▶ Activity
Below are the records; copy exactly the stretch from the line containing "reduces the horizontal" through the line containing "Elbow arthritis surgery", both ends included, and nothing else.

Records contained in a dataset
===============

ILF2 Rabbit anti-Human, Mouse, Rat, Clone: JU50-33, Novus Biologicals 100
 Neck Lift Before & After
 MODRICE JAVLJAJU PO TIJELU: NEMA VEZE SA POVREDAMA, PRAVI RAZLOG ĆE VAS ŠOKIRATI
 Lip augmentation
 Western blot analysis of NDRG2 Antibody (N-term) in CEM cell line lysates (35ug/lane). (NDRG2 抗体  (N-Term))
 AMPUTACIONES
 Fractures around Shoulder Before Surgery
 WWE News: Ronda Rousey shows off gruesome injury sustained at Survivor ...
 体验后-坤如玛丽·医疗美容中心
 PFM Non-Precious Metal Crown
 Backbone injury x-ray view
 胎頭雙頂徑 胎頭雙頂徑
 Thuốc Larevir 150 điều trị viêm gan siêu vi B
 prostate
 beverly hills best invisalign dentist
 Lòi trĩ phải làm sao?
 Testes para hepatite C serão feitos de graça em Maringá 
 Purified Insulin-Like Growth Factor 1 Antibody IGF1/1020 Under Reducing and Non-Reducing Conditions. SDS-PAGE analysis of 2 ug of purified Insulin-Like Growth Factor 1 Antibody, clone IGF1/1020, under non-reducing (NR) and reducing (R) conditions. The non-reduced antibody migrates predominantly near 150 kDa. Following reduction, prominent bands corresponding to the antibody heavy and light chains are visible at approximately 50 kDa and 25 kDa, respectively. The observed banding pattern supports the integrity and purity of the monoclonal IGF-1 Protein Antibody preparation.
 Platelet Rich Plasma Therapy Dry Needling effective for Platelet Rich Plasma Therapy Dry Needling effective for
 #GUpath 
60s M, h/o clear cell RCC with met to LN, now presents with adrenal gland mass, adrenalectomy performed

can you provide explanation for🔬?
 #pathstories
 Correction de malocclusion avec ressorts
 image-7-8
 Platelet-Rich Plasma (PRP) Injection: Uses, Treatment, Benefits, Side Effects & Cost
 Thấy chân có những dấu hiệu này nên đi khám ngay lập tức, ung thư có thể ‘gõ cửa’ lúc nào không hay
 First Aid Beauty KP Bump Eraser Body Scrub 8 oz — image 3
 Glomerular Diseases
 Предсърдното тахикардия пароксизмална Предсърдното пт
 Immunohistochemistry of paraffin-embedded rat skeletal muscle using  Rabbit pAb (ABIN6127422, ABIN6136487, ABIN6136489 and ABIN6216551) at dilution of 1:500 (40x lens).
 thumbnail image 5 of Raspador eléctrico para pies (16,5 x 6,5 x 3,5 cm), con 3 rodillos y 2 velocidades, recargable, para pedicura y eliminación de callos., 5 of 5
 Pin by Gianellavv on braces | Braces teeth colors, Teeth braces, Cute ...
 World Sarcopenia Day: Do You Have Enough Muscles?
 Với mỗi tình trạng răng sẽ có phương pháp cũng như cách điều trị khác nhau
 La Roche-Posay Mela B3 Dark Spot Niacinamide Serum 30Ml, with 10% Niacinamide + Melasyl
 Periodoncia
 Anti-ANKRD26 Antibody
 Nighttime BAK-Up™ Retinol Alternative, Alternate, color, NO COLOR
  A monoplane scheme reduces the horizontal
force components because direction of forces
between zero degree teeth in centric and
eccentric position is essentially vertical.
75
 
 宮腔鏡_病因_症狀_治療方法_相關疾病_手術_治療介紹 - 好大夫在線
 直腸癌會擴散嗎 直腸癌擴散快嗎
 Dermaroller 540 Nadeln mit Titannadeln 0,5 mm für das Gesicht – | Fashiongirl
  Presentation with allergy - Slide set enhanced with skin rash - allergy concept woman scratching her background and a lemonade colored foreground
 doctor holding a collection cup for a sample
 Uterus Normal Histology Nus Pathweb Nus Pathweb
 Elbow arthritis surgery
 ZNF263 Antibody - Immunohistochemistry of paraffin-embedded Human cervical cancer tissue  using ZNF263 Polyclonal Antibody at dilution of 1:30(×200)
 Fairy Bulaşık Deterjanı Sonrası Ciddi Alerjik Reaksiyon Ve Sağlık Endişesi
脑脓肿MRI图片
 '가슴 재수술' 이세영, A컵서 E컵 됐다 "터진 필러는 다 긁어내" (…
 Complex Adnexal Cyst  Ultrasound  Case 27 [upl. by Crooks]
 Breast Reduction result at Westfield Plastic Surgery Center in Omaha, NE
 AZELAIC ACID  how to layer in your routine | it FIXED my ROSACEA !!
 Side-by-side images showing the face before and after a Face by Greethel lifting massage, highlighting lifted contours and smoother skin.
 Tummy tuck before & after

===============

▶ Answer
  A monoplane scheme reduces the horizontal
force components because direction of forces
between zero degree teeth in centric and
eccentric position is essentially vertical.
75
 
 宮腔鏡_病因_症狀_治療方法_相關疾病_手術_治療介紹 - 好大夫在線
 直腸癌會擴散嗎 直腸癌擴散快嗎
 Dermaroller 540 Nadeln mit Titannadeln 0,5 mm für das Gesicht – | Fashiongirl
  Presentation with allergy - Slide set enhanced with skin rash - allergy concept woman scratching her background and a lemonade colored foreground
 doctor holding a collection cup for a sample
 Uterus Normal Histology Nus Pathweb Nus Pathweb
 Elbow arthritis surgery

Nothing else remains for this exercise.